→ **Data to use**
________________________

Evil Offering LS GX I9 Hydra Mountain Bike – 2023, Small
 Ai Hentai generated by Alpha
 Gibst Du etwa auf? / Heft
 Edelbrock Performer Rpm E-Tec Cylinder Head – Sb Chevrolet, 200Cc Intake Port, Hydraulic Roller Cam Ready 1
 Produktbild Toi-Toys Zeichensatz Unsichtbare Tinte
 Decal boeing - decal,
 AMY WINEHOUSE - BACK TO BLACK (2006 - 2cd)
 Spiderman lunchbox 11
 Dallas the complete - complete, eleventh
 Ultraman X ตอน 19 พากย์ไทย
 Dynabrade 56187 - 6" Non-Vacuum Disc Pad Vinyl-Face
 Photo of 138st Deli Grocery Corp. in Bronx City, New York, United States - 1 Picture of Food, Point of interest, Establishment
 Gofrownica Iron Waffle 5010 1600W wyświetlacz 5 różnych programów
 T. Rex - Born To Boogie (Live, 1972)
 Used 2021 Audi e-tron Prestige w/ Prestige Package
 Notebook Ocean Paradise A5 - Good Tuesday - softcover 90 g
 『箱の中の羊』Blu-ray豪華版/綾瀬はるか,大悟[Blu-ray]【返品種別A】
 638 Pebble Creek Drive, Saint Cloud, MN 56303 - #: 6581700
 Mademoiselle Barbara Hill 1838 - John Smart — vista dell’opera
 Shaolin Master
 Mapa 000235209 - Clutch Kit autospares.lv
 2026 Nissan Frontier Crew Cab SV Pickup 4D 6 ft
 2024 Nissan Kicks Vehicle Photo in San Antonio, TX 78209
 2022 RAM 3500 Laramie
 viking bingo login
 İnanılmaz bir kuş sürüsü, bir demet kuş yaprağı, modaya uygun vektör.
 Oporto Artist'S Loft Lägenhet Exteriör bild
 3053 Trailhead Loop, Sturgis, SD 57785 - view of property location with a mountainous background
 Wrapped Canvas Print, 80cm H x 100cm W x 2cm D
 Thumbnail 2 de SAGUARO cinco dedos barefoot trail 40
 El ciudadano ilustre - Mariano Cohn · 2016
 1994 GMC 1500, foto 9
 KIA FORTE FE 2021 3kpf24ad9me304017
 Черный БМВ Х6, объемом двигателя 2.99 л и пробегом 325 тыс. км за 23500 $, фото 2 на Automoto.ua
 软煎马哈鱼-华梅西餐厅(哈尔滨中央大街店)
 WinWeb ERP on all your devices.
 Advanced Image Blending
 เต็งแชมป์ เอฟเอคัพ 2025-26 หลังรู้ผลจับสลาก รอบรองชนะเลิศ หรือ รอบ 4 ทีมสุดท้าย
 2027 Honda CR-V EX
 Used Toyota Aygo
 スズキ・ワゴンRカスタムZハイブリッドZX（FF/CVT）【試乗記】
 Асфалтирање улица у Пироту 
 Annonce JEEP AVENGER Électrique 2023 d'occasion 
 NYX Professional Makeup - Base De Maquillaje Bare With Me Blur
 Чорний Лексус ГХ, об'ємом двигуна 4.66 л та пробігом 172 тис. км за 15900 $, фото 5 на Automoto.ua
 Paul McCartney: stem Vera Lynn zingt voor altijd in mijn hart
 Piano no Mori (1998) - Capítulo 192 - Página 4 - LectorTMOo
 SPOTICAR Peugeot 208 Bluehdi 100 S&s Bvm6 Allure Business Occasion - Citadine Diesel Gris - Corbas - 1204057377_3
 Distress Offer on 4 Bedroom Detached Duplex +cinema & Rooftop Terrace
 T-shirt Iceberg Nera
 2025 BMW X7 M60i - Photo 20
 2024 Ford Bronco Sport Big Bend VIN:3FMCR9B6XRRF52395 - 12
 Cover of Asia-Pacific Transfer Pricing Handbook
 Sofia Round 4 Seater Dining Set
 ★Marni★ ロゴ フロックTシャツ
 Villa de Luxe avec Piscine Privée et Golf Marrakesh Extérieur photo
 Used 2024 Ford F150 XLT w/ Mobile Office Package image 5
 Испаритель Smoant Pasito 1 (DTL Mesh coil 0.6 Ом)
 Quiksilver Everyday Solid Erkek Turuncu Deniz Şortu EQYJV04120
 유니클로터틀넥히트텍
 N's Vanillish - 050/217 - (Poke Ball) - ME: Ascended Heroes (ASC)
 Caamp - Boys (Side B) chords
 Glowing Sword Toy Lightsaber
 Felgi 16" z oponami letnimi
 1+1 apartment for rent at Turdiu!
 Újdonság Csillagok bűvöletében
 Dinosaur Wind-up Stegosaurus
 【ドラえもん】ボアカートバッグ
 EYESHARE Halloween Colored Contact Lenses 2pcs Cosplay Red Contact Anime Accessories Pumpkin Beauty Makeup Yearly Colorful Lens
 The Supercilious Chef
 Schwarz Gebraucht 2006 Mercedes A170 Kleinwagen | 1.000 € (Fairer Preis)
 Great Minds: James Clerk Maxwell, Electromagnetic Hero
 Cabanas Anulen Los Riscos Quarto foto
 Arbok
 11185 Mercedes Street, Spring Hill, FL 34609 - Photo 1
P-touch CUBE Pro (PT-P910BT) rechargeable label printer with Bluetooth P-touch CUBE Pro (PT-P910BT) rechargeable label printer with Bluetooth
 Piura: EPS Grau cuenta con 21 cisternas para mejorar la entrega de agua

________________________

→ **Work instructions**
Copy exactly the lines from the top of the entries through the line with "KIA FORTE FE 2021 3kpf24ad9me304017" in it, please, keeping both ends and adding nothing.

→ **Finished exercise**
Evil Offering LS GX I9 Hydra Mountain Bike – 2023, Small
 Ai Hentai generated by Alpha
 Gibst Du etwa auf? / Heft
 Edelbrock Performer Rpm E-Tec Cylinder Head – Sb Chevrolet, 200Cc Intake Port, Hydraulic Roller Cam Ready 1
 Produktbild Toi-Toys Zeichensatz Unsichtbare Tinte
 Decal boeing - decal,
 AMY WINEHOUSE - BACK TO BLACK (2006 - 2cd)
 Spiderman lunchbox 11
 Dallas the complete - complete, eleventh
 Ultraman X ตอน 19 พากย์ไทย
 Dynabrade 56187 - 6" Non-Vacuum Disc Pad Vinyl-Face
 Photo of 138st Deli Grocery Corp. in Bronx City, New York, United States - 1 Picture of Food, Point of interest, Establishment
 Gofrownica Iron Waffle 5010 1600W wyświetlacz 5 różnych programów
 T. Rex - Born To Boogie (Live, 1972)
 Used 2021 Audi e-tron Prestige w/ Prestige Package
 Notebook Ocean Paradise A5 - Good Tuesday - softcover 90 g
 『箱の中の羊』Blu-ray豪華版/綾瀬はるか,大悟[Blu-ray]【返品種別A】
 638 Pebble Creek Drive, Saint Cloud, MN 56303 - #: 6581700
 Mademoiselle Barbara Hill 1838 - John Smart — vista dell’opera
 Shaolin Master
 Mapa 000235209 - Clutch Kit autospares.lv
 2026 Nissan Frontier Crew Cab SV Pickup 4D 6 ft
 2024 Nissan Kicks Vehicle Photo in San Antonio, TX 78209
 2022 RAM 3500 Laramie
 viking bingo login
 İnanılmaz bir kuş sürüsü, bir demet kuş yaprağı, modaya uygun vektör.
 Oporto Artist'S Loft Lägenhet Exteriör bild
 3053 Trailhead Loop, Sturgis, SD 57785 - view of property location with a mountainous background
 Wrapped Canvas Print, 80cm H x 100cm W x 2cm D
 Thumbnail 2 de SAGUARO cinco dedos barefoot trail 40
 El ciudadano ilustre - Mariano Cohn · 2016
 1994 GMC 1500, foto 9
 KIA FORTE FE 2021 3kpf24ad9me304017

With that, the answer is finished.